Misalnya Agus Setya Purnama, si pecinta dunia otomotif. Lalu Feri, fans berat Juventus itu. Dan juga Piping, sahabat Kholid yang memiliki banyak perempuan pada masa jahiliyahnya. Mereka benar-benar ada eksistensinya sampai sekarang.

Dengan menggunakan nama asli, maksud saya, novel ini jadi tambah seru.

Lantas bagaimana dengan karakter perempuannya? Apakah hanya Slavi saja?

Tidak, tidak hanya Slavi.

Sahabat perempuan Kholid yang rumahnya bersebelahan dengan rumah kakeknya, Esti Novida Frianti juga diambil dari nama asli.

Tapi, saya terhenyak ketika mencari tahu tentang Mbak Esti, beliau kini sudah tiada. Dan saya yakin, Kholid pasti merindukan sahabat perempuannya ini.

Era 90-an di dalam novel Lebah Pencari Madu

Sebagai pecinta sepakbola, mata saya terbelalak saat Kholid membicarakan derby Milan.

Inter Milan, klub kesayangan Sofyan dan AC Milan klub favoritnya Gun, ia tulis di awal novelnya. Ini yang membikin saya berkomentar begini dalam hati, “Asyik nih novelnya. Cowok banget, cuy”.

Selain membicarakan sepakbola era 90-an yang memang dulu didominasi Liga Italia, Kholid bercertia juga dunia otomatif. Mulai dari Mike Doohan yang pernah juara GP, hingga Valentino Rossi.

Lebih dari itu, jaman dulu masih mengandalkan SMS-an ketika ingin kumpul dengan teman. Dan tentu saja Kholid pernah juga teleponan melalui wartel, hhh.

Semakin tidak membosankan lagi membicarakan era 90-an ketika saya membaca cerita balapan motor. Dan semakin lengkap keseruan novel ini saat terjadi pertengkaran antara Anchor Team vs Genk Lebah.

Sisi lain novel Lebah Pencari Madu

Agar tidak terlalu spoiler, mari saya bicarakan sisi lain novel ini. Mulai dari gaya kepenulisan, setting, dan juga alur.

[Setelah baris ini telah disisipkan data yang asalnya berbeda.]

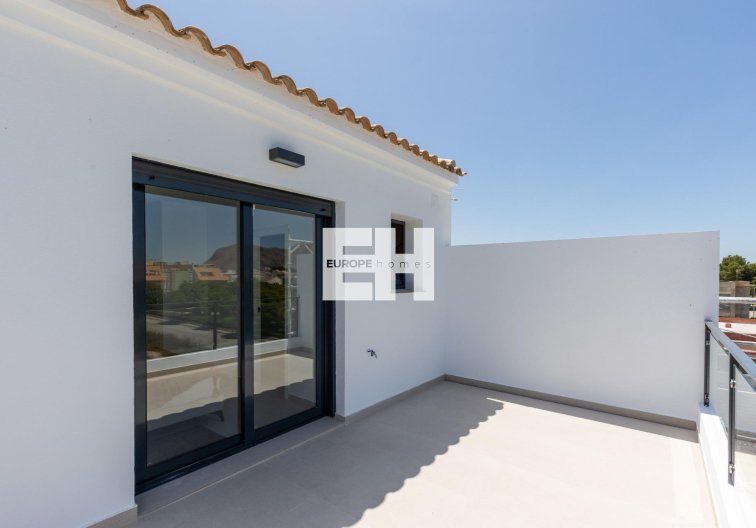 Obra Nueva - town house - Rafal - pueblo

Hal ini perlu saya sampaikan agar pembaca semakin penasaran mengenai novel ini, lalu berbondong-bondong membelinya.

Gaya kepenulisan

Terkait gaya kepenulisan, jangan mentang-mentang novel ini ditulis oleh seorang dosen, lantas kita berpikir kalau novel ini bakalan berat-berat isinya.

Tidak, tidak seperti itu.

Gaya kepenulisan Pak Kholid menyesuaikan dengan target pembaca. Artinya, novel ini dapat dinikmati oleh semua kalangan. Entah kalangan di era sang penulis maupun era milenils sekarang.

Jadi, enak aja pas dibacanya. Seperti yang saya bilang di awal tulisan, novel ini dapat membuat emosi saya dibawa naik-turun. Jujur, saya hanyut di dalamnya.

Setting

Paling kuat, novel ini membahas tentang pedesaan di daerah Lekodombo, Sukowono, dan Sumber Jambe. Sebab, nama-nama daerah tersebut adalah daerah favorit si penulis dan juga kekasihnya (dulu).

Sebagai orang Garut yang tinggal di perkotaan, saya ingin sekali main-main ke sana. Dari gambaran yang Pak Kholid sampaikan, daerah tersebut sepertinya seru.

Akan tetapi, apakah suasananya masih sama setelah 10 tahun kemudian itu?

Alur

Alur cerita novel ini melaju terus hingga sang penulis tumbuh menjadi pria dewasa.

Ia bercerita dari awal MOS di SMANKAL, lalu keluar Negeri, dan balik lagi ke Jember (dan kini, sang penulis mengabdikan diri sebagai dosen di UNEJ (Universitas Jember).

Kekurangan novel

Yang masih mengganjal dalam diri saya adalah, mengapa penulis novel ini tidak menceritakan kehidupannya di Thailand, mengingat dirinya lulusan Master of Nursing di Prince of Songkla University Thailand?

Terus, sekarang bagaimana kabar Slavi?

Dan apa mungkin akan ditulis dalam novel berikutnya?

Ini masih saya tunggu untuk episode berikutnya.

Kesimpulan

Saya terpingkal-pingkal membaca novel ini. Humornya ada, dan tidak dibuat-buat. Dan untuk mereview novel ini, saya agak overthinking.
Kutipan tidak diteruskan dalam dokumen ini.